How Modern Job Hunting Contributes To Unemployment

Job Hunting

I’ve known quite a few people looking for jobs over the past five years. All of them truly want to work. All of them have marketable skills in their chosen fields. All of them have done their best to get their resumes up-to-date and their applications out there.  What I’ve also noticed is how every single one of these people has complained about the changing face of job hunting.

Back when I was a fresh-faced kid out of high school my job hunting started at the ass-scratch of dawn with my Dad banging on my bedroom door ‘reminding’ me I needed to get up and go into town with him and mom to pound-the-pavement.  I didn’t have a car and living in the middle of nowhere in Upstate NY, public transport did not exist.  My only way to get anywhere was to ride into the city with my parents, find a friend or borrow my grandmother’s car. I certainly couldn’t afford a car because, well, I didn’t have a job!  Therefore, the fun often started at 6:00am. Mom and I were dropped off by Dad at around 7:30. Mom would head into her office while I would continue my walking adventure with a couple of tested pens, a dozen copies of my meager resume that consisted of my recent graduation from high school and some volunteer summer jobs I’d had, a good book, a packed lunch and a pair of sturdy walking shoes. I’d walk door-to-door, one shop to the next that held even the vaguest of employment interests to me. One application after another was filled out on the spot and stapled to a resume. When I ran out of resumes, my job hunting day was over. I did this weekly for months, centering on a different area of the city each time, making my name and lack of experience known to one and all. I was friendly and personable, doing my best to hide and overcome my introvert nature. By the end of that day, I was exhausted.  I’d trudge back to my mom’s office where we’d meet up with my dad at 4:45pm and head back home.

On my days off from this sort of job hunting, I would occasionally be able to drive my grandmother’s car or better yet, ride my bike – and I don’t mean a motorcycle here, kids. I mean a bicycle that you peddled with your very own legs! Remember, I lived out in the middle of nowhere. There was nowhere in town to get a job. Okay, maybe that’s not true. I could have tried at the lumber mill, the feed store or the hardware store, I suppose. The nearest large grocery store was fifteen miles away. If the weather seemed promising and Gramma’s car wasn’t available, filled my backpack with the above mentioned items, hopped on my trusty 10-speed and was on my way.  More applications filled out by hand. More resumes handed out.

Of course, the first words out of my dad’s mouth at the end of these days was always, “Find a job yet?” It took months before I could finally answer him with a yes.
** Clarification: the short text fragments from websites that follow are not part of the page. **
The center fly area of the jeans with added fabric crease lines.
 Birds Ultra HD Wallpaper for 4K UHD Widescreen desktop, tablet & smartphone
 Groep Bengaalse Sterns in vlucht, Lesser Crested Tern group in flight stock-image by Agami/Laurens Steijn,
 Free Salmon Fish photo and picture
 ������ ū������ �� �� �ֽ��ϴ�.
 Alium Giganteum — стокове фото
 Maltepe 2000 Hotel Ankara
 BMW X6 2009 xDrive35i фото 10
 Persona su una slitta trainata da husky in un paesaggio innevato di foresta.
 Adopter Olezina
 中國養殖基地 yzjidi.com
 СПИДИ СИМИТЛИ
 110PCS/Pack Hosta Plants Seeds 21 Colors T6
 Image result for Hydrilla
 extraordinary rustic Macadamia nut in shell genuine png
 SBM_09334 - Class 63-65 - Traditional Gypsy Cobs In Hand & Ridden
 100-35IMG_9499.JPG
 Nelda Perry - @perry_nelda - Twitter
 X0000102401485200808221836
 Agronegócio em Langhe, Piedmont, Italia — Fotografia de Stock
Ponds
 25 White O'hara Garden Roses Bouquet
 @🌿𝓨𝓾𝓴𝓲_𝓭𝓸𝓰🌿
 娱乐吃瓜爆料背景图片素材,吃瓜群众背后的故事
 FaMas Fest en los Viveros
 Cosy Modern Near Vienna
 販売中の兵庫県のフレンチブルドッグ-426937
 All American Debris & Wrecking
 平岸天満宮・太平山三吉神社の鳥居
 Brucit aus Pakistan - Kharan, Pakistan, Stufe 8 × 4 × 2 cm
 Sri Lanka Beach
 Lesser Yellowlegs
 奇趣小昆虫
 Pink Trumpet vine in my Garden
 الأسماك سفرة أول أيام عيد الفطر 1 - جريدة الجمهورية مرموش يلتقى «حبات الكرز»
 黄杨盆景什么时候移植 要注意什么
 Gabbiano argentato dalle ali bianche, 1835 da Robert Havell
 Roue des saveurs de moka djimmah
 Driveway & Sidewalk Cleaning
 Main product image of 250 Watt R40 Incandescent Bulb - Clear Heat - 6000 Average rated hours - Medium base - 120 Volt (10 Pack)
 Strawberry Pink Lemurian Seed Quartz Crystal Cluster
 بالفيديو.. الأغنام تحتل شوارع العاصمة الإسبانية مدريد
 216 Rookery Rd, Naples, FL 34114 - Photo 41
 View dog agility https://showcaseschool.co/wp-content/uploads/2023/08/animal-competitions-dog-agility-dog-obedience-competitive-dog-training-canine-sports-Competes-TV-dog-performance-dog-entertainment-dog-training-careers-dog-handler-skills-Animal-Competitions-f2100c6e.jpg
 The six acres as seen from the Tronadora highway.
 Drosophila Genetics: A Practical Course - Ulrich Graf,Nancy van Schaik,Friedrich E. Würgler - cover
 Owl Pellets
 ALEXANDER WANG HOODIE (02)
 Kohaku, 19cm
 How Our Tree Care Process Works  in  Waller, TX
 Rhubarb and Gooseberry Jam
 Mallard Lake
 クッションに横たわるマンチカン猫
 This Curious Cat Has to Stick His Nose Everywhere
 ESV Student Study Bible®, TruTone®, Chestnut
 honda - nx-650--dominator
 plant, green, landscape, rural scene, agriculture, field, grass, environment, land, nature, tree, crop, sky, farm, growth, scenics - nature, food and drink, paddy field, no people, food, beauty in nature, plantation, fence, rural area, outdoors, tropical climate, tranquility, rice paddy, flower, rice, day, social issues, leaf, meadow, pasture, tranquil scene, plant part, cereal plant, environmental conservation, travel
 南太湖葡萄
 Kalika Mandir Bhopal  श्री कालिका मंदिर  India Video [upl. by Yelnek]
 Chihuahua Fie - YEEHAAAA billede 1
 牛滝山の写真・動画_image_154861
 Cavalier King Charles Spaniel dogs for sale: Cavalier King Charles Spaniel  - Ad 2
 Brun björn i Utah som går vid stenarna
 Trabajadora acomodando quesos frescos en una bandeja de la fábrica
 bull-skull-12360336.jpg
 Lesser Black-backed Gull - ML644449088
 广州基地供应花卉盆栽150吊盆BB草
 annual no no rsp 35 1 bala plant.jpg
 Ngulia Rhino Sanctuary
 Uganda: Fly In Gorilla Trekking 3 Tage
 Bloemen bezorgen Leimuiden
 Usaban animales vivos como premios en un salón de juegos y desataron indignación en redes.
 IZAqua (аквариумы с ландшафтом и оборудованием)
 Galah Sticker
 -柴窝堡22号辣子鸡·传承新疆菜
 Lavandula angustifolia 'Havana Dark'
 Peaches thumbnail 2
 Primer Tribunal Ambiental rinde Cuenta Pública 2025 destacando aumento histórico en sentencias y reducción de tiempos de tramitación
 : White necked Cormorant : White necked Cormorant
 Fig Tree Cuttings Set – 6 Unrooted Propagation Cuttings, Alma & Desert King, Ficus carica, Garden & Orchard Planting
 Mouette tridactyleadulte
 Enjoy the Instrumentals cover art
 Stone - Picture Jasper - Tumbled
Fast forward to today and the modern methods of job hunting.  You no longer walk door to door and if you do, you’re wasting your time.  Though it’s important to have your resume up-to-date, don’t bother printing out too many. Most places won’t take them. Hell, you don’t even need a frickin’ pen, let alone good walking shoes. Why? Because NO PLACE wants you to put the effort into filling out a paper application anymore. God forbid a person looking for a job should show any sort of true initiative when it comes to work! Time and time and time again, my job-seeking friends (every single one of them) has bemoaned to me the invention of the online job application. You can lounge at your computer in you sweat pants and wife-beater t-shirt while sipping shots of Jack Daniels out of your coffee cup if you want. Now there’s someone I’d be interested in hiring, NOT! No, give me the person who cares enough to get up early, shower, dress with a certain level of self respect and pound some pavement. THAT’S someone willing to actually work for a living.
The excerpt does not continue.